You want Kafka to stream and process the data. But what comes after you set up the platform, planned the partitioning strategy, storage options, and configured the data durability? Yes! How to stream data in and out of the platform. And this is exactly what I want to discuss today. 

The Background

Before we go any further, let’s see what Kafka did to make itself blazing fast? Kafka is optimized for writing the stream data in binary format, that basically logs everything directly to the file system (Sequential I/O) and makes minimum effort to process what's in the data (Optimize for Zero Copy).  Kafka is super-charged at making sure data is stored as quickly as possible, and quickly replicating for a large number of consumers. But terrible at communication, the client that pushes content needs to SPEAK Kafka. 

Here we are, having a super fast logging and distributing platform, but dumb at connecting to other data sources. So who is going to validate the data sent in/out of the kafka topic? What if I need to transform the data content? Can I filter the content partially? You guessed it. The clients.  We now need smart clients that do most of the content processing and speak Kafka at the same time. 

What are the most used connect tools today for Kafka users? 

Kafka Connect is what the majority of the Kafka users are using today. It has been broken down into many parts such as connector, tasks, worker, converter, transformer and error handler. You can view the task and worker as how the data flow is executed. For a developer they will be mostly configuring the rest 4 pieces. 

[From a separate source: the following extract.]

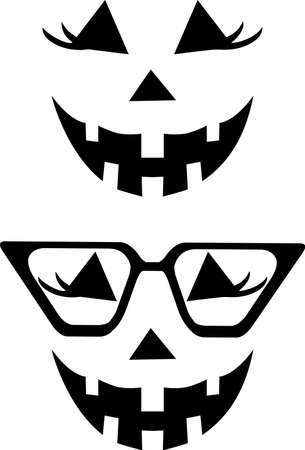 Female Pumpkin Face, Halloween Holiday, Happy Halloween, Vector Illustration Fileのイラスト素材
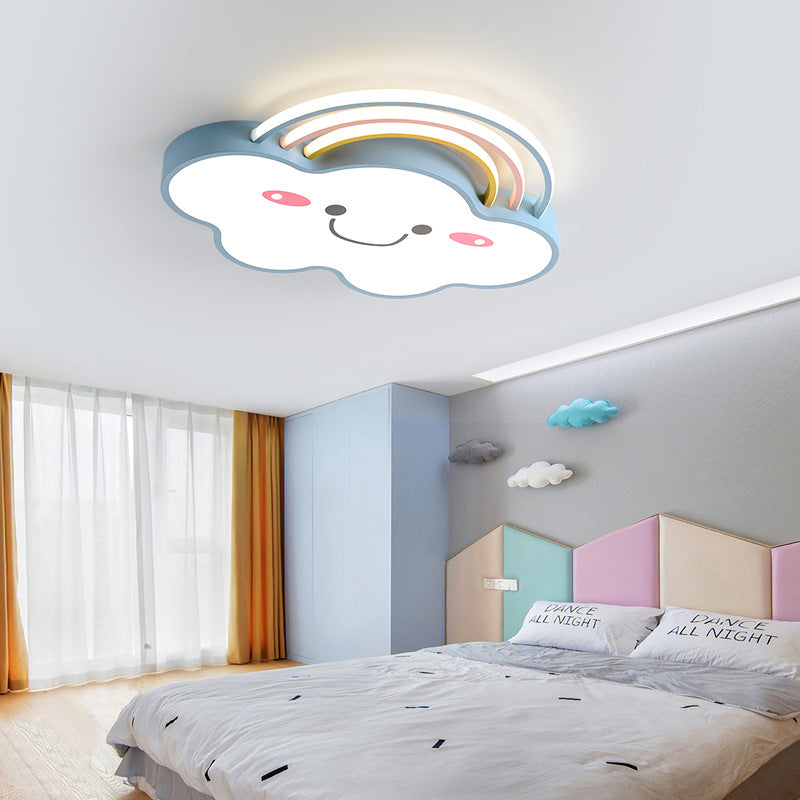 Children's Lamp Eye Protection Cartoon led Ceiling Lamp Boys Girls Kindergarten Lamp Iron Art Room Bedroom Lamp Wholesale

  • Connector - Describes the kind of source or the sink of the data flow, translating between the client/Kafka protocol, and knowing the libraries needed. 

  • Converter - Converts the binary to the data format accepted by the client or vice versa   (Currently there is limited support from Confluent, they  only do data format) And does data format validation. 

  • Transformer - Reads into the data format, can help make simple changes to individual data chunks. Normally you would do filtering, masking or any minor changes. ( This does not support simple calculations)

  • Error Handler - Define a place to store problematic data (Confluent : Dead letter queues are only applicable for sink connectors.)

After configuring, it then uses Task and Worker to determine how to scale and execute that pipe data in/out of Kaka. For instance, running a cluster of works to scale and allow tasks to perform parallel processing of streams. 



Camel is another great option!


Apache Camel is a GREAT alternative for connecting Kafka too. Here’s what Camel has to offer. 

  • Connector - Camel has more than 300+ connectors, you can use it to configure as source or the sink of the data flow, translating between the 100+client/Kafka protocol.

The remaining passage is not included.